=== Materials provided ===
=======

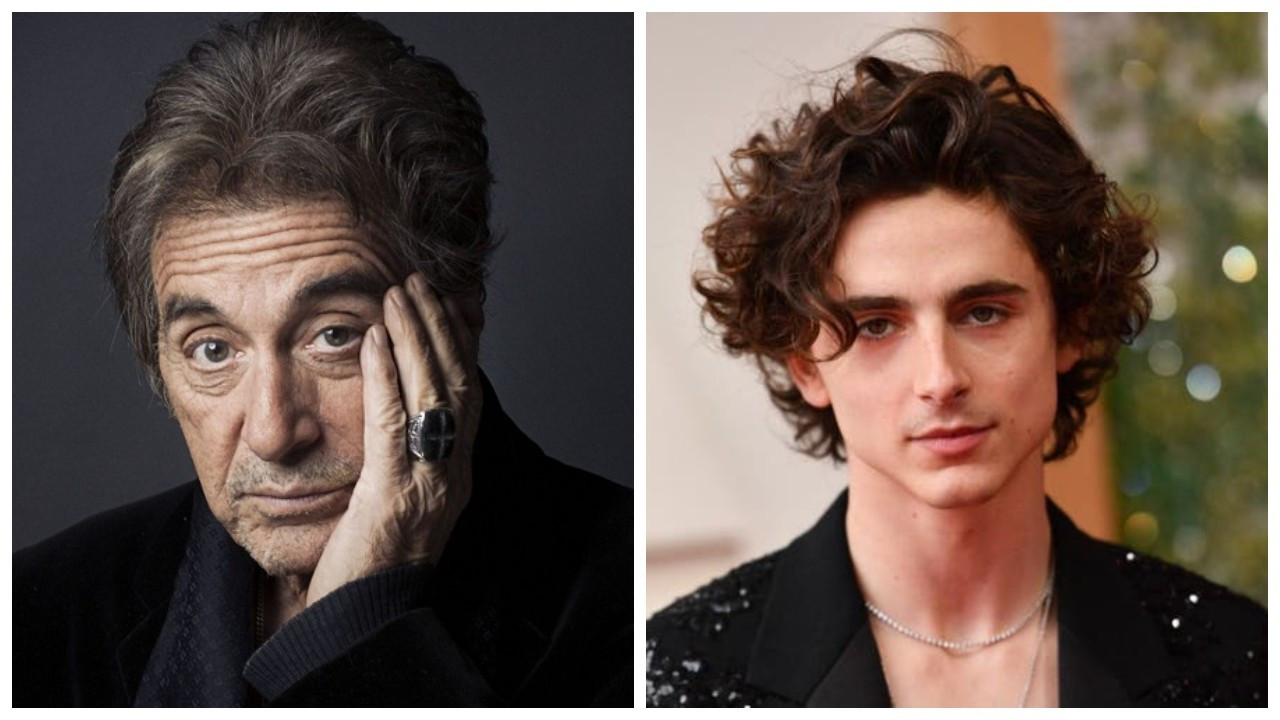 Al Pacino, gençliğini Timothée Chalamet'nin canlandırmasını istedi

=======

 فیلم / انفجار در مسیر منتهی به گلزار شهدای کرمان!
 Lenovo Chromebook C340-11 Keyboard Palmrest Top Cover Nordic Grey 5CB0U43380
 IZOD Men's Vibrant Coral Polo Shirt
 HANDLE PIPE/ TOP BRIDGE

=======

=== What is needed ===
Using the entries above, extract exactly the span from the line with "Lenovo Chromebook C340-11" to the line with "HANDLE PIPE/ TOP BRIDGE", both lines included; leave out everything else.

=== Exercise solution ===
 Lenovo Chromebook C340-11 Keyboard Palmrest Top Cover Nordic Grey 5CB0U43380
 IZOD Men's Vibrant Coral Polo Shirt
 HANDLE PIPE/ TOP BRIDGE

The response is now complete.